Originally Posted by Bunnyears
Only 2 minutes and some seconds faster than Mahler's time of 74 minutes. It can be done -- now why is not being done? Are there repeats not taken or sections of development being skipped (as they edit Shakespeare for performance perhaps Mahler was edited as well)? We need someone with a score to tell us what is happening.

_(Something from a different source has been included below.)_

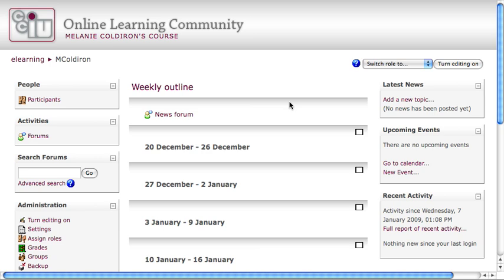Welcome to my lesson tutorial. This is part one of a two-part tutorial that will take you through the steps for creating a lesson, one of the more complicated activity modules inside of Moodle.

There are no repeats in Mahler's 2nd. Kubelik's basic tempos are generally fast, and then he makes fast transitions as well. Thus, he comes in with a swift timing. So, yes, that puts him in the neighborhood of Mahler's own timing, but what of it? As a critic, I have certainly written some reviews that put performers on the grill for not closely following a composer's score, but at what point does that merely become reductio ad absurdam? Kubelik may hit the clock mark that Mahler set, but a listening to any of his recordings with Mahler score in hand shows that he misses or glosses over an enormous amount of details that Mahler took the trouble to write down. So it doesn't look like he is truly achieving the vision that Mahler had, he's achieving his own vision. If it's okay for him to achieve his own vision and still make us love Mahler, then I'm coming to accept the notion that it is okay for Bernstein or Sinopoli or Chailly to conduct slow performances of Mahler, because they are using his works as doorways, not as dead-ends. Mahler wasn't so much interested in having others imitate him as he was in seeing others take his music and find their own truths & revelations... Just as we as listeners do, too. I think it is important for a few musicians to devote some energy to obsessing over the scores and other forms of research in order to try and make a Mahler performance that sounds something like it might have in his own day. But in the end, what matters is what we choose to have it sound like today. And tomorrow.